Cacinjo Holidays (telephone:
(03) 2770 1750; fax: (03) 2775 8633) offers a wide choice of tours in
and around the city. The 4-hour ‘Cultural Night Tour’
takes in China Town, Little India, Central Market, Merdeka Square,
the KLCC Twin Towers, the Kuala Lumpur Stock Exchange
and the Restoran Sri Melayu, where diners can watch a traditional
performance of Malaysian dance. Tours start at 6.45 pm and cost about
RM130 including the buffet meal. A complimentary city tour is included
at 09:30 the following day. Many hotels have details of other city
tours, as well as the tourist information office (see Tourist Information).
Excursions for Half Day
The limestone Batu Caves (telephone: (03) 6189 6284), the most well-known
tourist excursion in the city, is located
13 kilometres (8 miles) north of Kuala Lumpur. The most visited part of the cave
complex is made up of Hindu temples with a 272-step climb to the
main Temple Cave. The Dark Cave has some impressive
rock formations and the Museum Cave rebuilds scenes from
Indian mythology. Every February, during the holy festival of Thaipusam,
this place attracts as many as 80,000 Hindu devotees and onlookers.
Drive time from
the Central Market to the Batu Caves is about 30 minutes by bus 11D.

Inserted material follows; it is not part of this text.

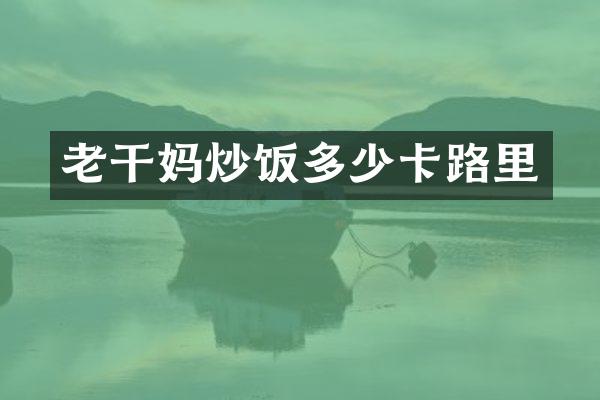 老干妈炒饭多少卡路里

Masjid Sultan Salahuddin Abdul
Aziz Shah (Sultan Salahuddin Abdul Aziz Shah State Mosque)
Surrounded by 10
hectares (30 acres) of tropical plantation, this computer-designed Sultan Salahuddin Abdul Aziz Shah State Mosque, 30 kilometres (18 miles) west of Kuala Lumpur in Shah Alam, is the largest mosque in the country and famous in South-East
Asia. It was constructed in 1988, designed with a mixture of traditional
Islamic and ethnic Malay architecture. The sparkling blue aluminium
dome, at a staggering 92 metre (302 feet) high, and its 4 towering minarets
is its most striking feature. Buses to the mosque operate from Klang
bus station. Another option is to take the Port Klang bound Kommuter
train to Shah Alam and then a bus or taxi to the mosque. The mosque
is open Monday to Thursday from 8.00 am - 12.00 pm and 2.00 - 4.00 pm and
Friday from 3.00 - 4.30 pm. Free admission.
Built on redeveloped mining land, the Sunway Lagoon Themepark (telephone: (03) 5635 8000; fax: (03) 5635 5050) is a 15 minute drive from Kuala Lumpur, in Petaling Jaya. The Waters of Africa claims to own the world’s largest man-made surfing pool and
also has a good selection of African-theme water rides.
Two other parks, World of Adventure and Wild Wild West are
dry parks providing thrill rides with the former staking claim
to the world’s longest pedestrian suspension bridge. The park
is open Monday and Wednesday to Friday from 11.00 am - 6.00 pm while Saturday and Sunday,
public holidays and Malaysia school holidays from 10.00 am - 6.00 pm. Adult
admission is RM39 to all of the parks or RM27 to either the wet
or dry parks. Children’s fee is RM26 to all the parks or RM19
to just the wet park or dry parks.
The Sunway Lagoon Themepark is reached by bus from the Klang
or Puda Raya bus stations, the KMT Kommuter train stops at
Subang Jaya, the Putra LTR stops at Kelana Jaya and then a
feeder bus to the park or by taxi.
Opened by the British during the colonial years, Templer’s
Park is 21 kilometres (13 miles) north of Kuala Lumpur.
It is set in a 1,200-hectare (3,000-acre) area of Malaysian jungle where
tourists have the opportunity to explore trails, swim in the pools
and relax by waterfalls. Templer’s Park is reached by bus
66 from Puda Raya bus station in the city centre. The park is open
24 hours daily and admission is free.